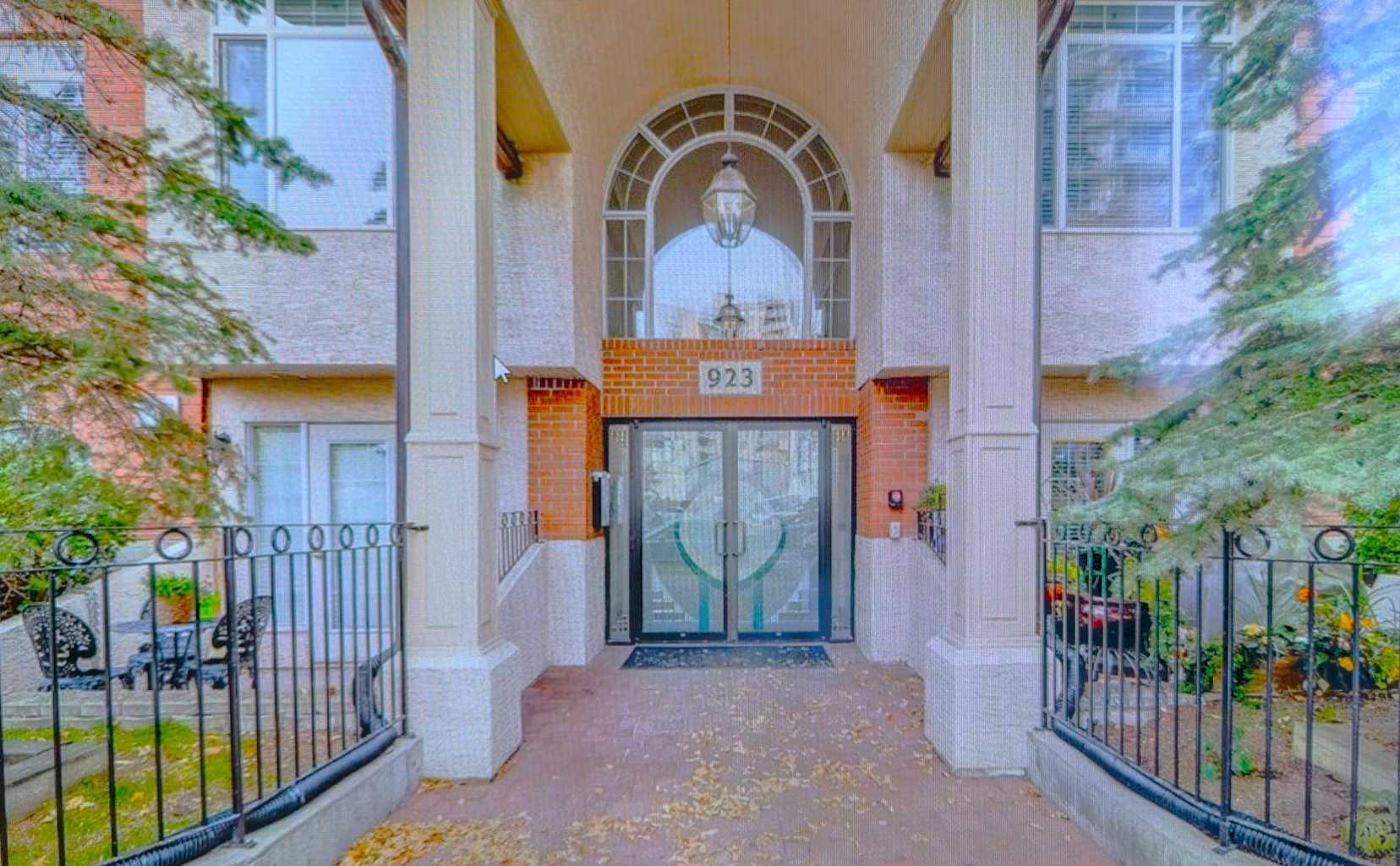 923 15 Avenue SW 101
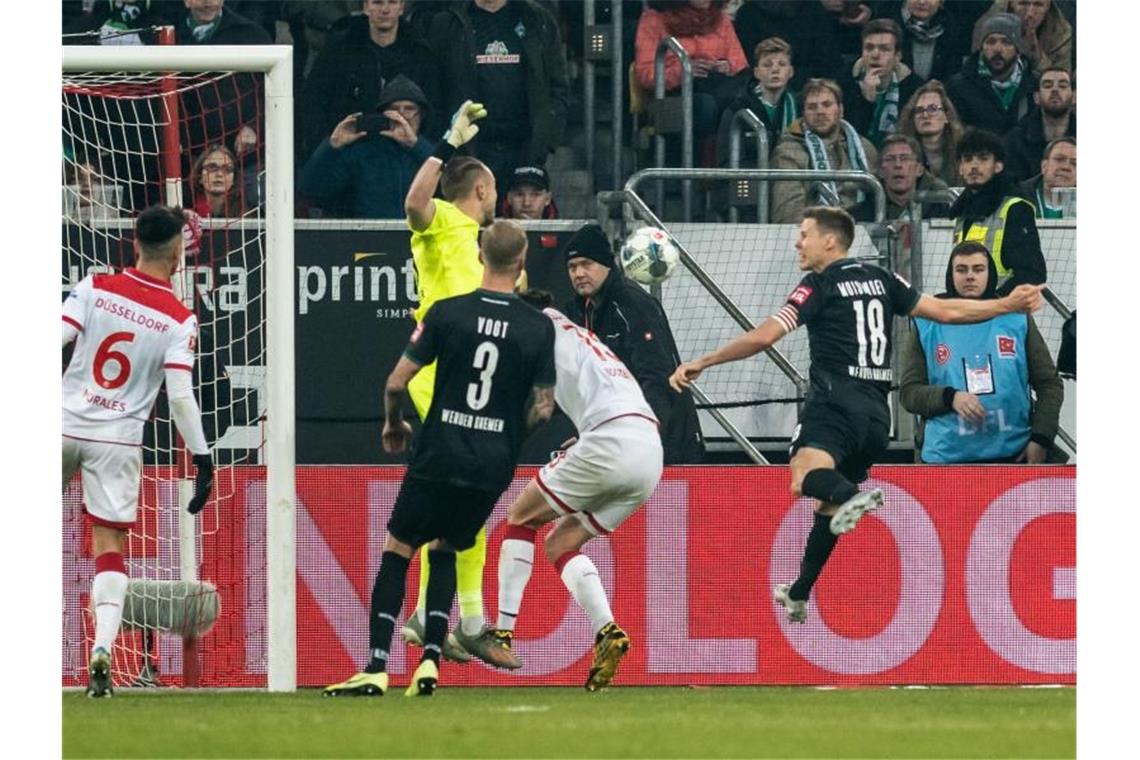 Bremens Niklas Moisander (r) erzielt das Tor zum 1:0-Auswärtserfolg in Düsseldorf. Foto: Bernd Thissen/dpa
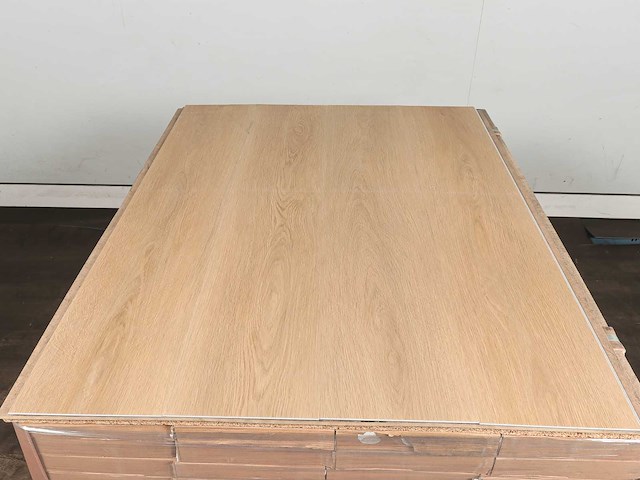 62 m2 pvc spc click vinyl plank met xps onderlaag - 1220 x 228 x 4+1 mm - afbeelding 3 van  4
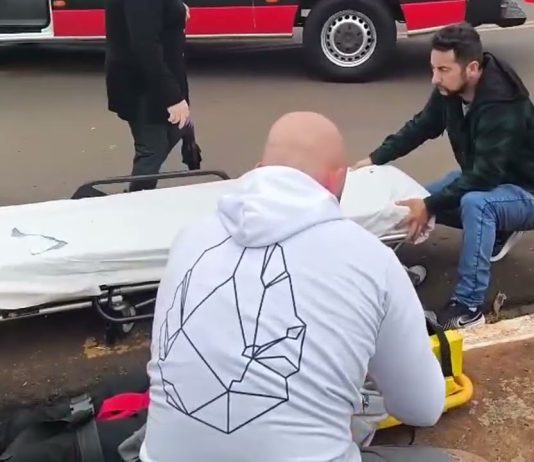 Veículo corsa colhido por trem em Jandaia do Sul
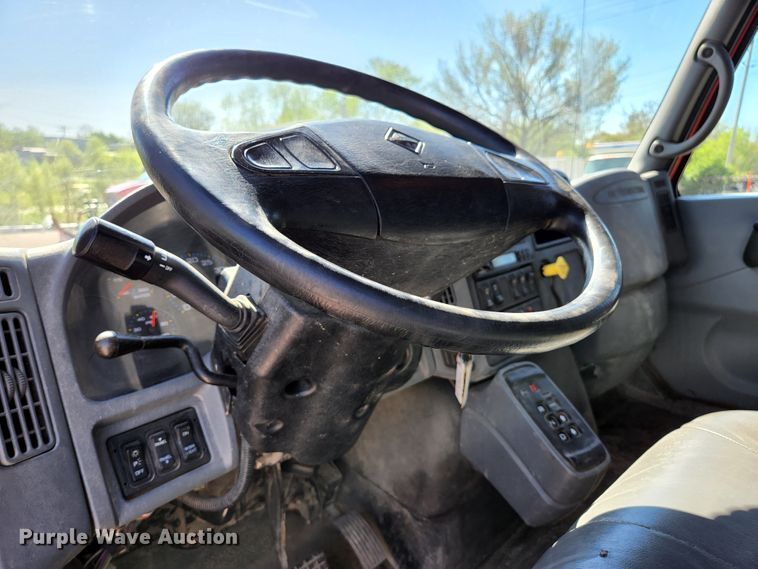 image for item KE9711 2006 International 7400  dump truck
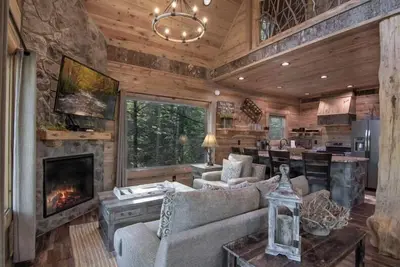 Image de Ever imagined living in a treehouse as a kid?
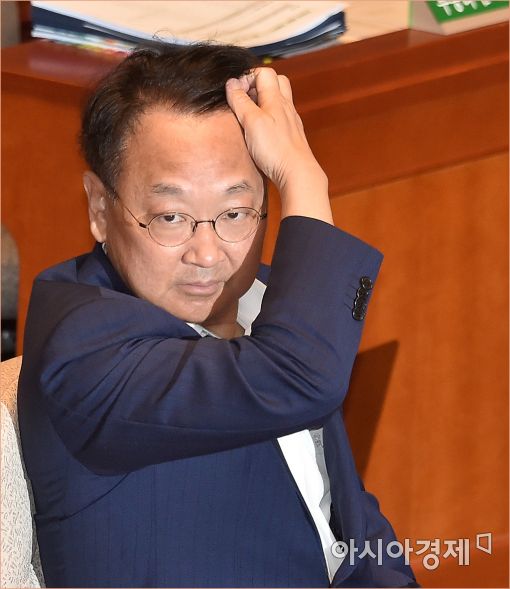 [포토]예결위 지연, 머리 아픈 유일호 부총리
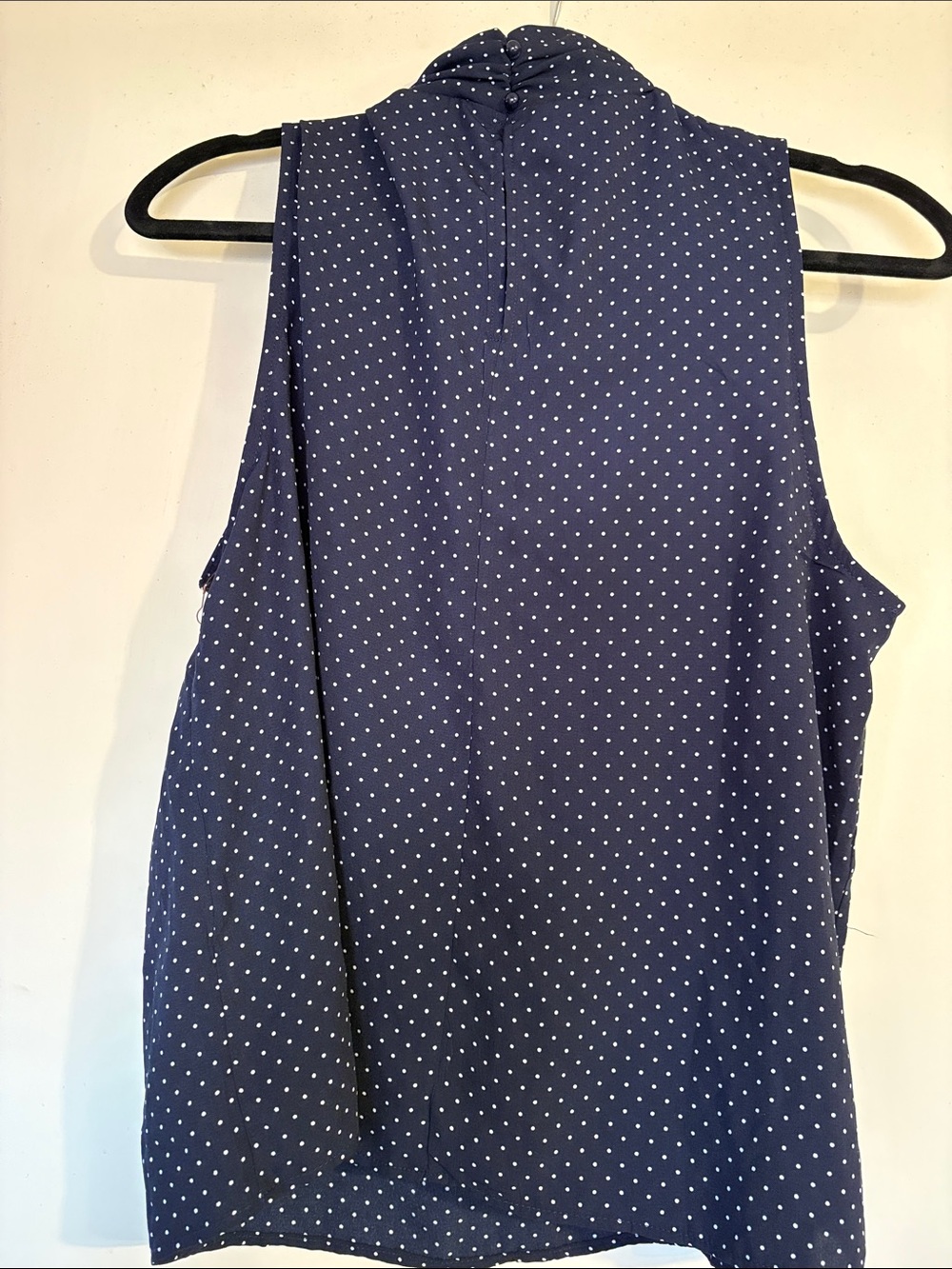 Forever 21 Navy Polka Dot Sleeveless Mock Neck Camisole - Picture 3 of 4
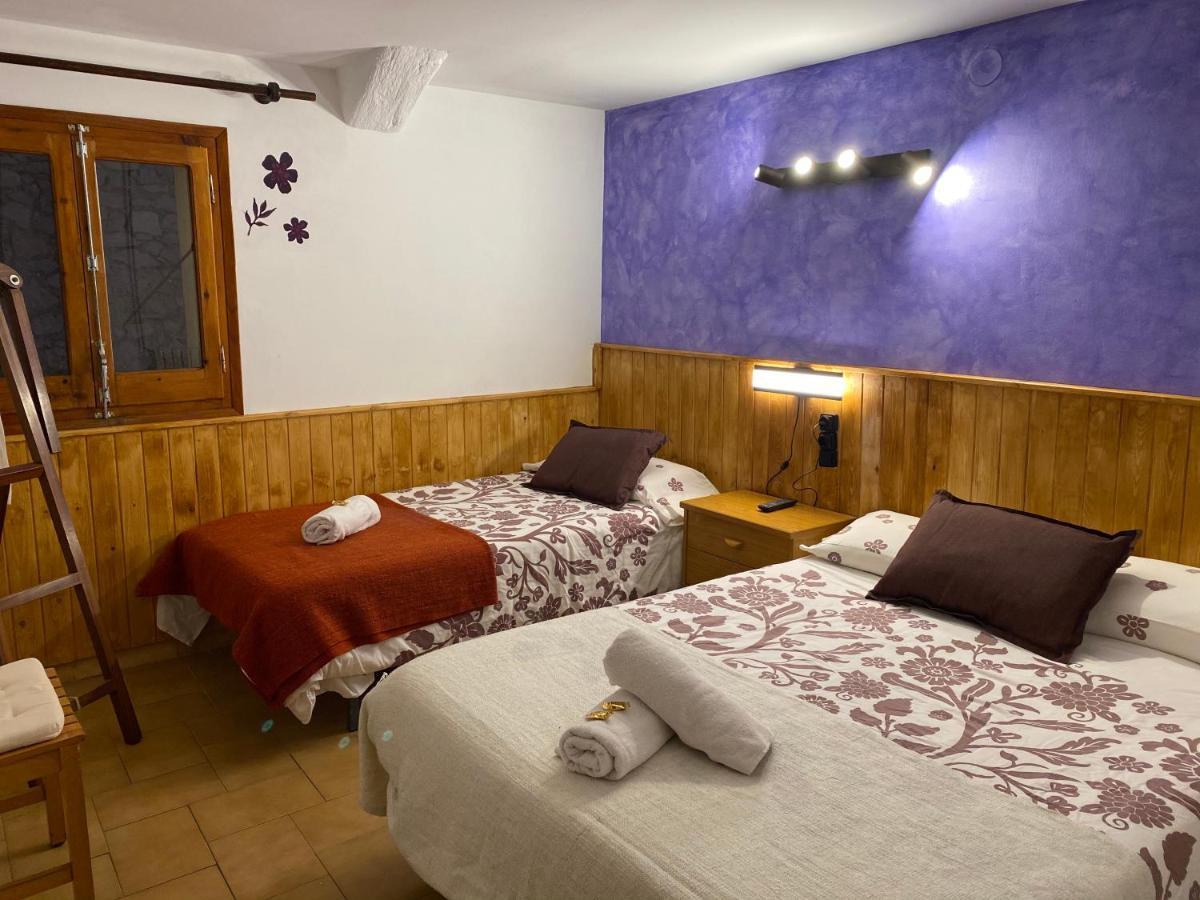 Hostal La Cuineta De Cal Triuet Gósol Esterno foto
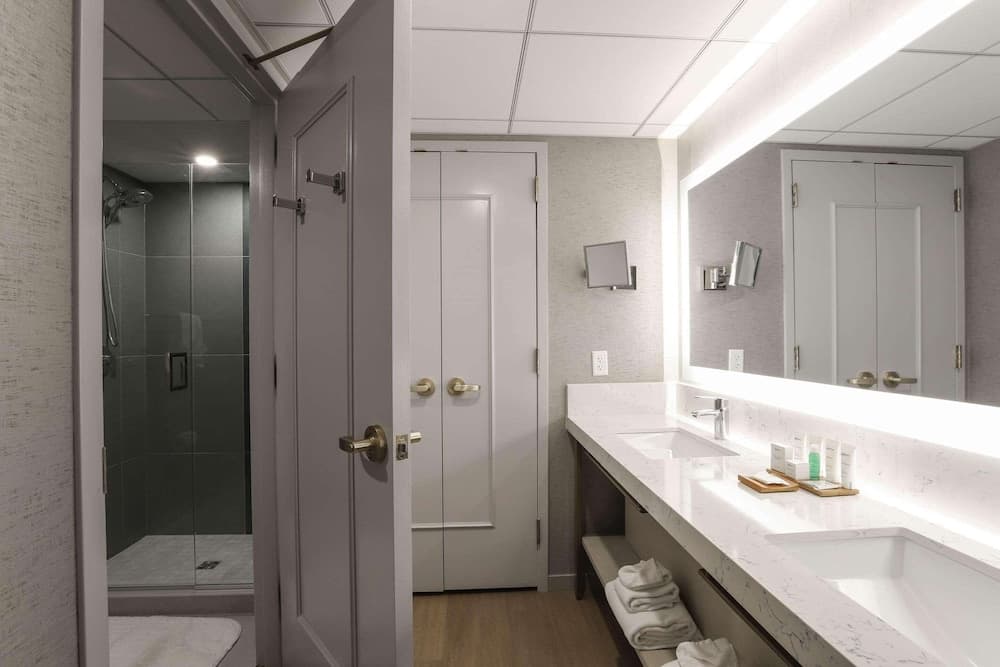 Radisson Plaza Hotel at Kalamazoo Center gallery photo in Kalamazoo, MI — image 17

TASK TO CARRY OUT: All of the material should be written out again exactly, apart from the pictures.

TASK SOLUTION:
 923 15 Avenue SW 101
 Bremens Niklas Moisander (r) erzielt das Tor zum 1:0-Auswärtserfolg in Düsseldorf. Foto: Bernd Thissen/dpa
 62 m2 pvc spc click vinyl plank met xps onderlaag - 1220 x 228 x 4+1 mm - afbeelding 3 van  4
 Veículo corsa colhido por trem em Jandaia do Sul
 image for item KE9711 2006 International 7400  dump truck
 Image de Ever imagined living in a treehouse as a kid?
 [포토]예결위 지연, 머리 아픈 유일호 부총리
 Forever 21 Navy Polka Dot Sleeveless Mock Neck Camisole - Picture 3 of 4
 Hostal La Cuineta De Cal Triuet Gósol Esterno foto
 Radisson Plaza Hotel at Kalamazoo Center gallery photo in Kalamazoo, MI — image 17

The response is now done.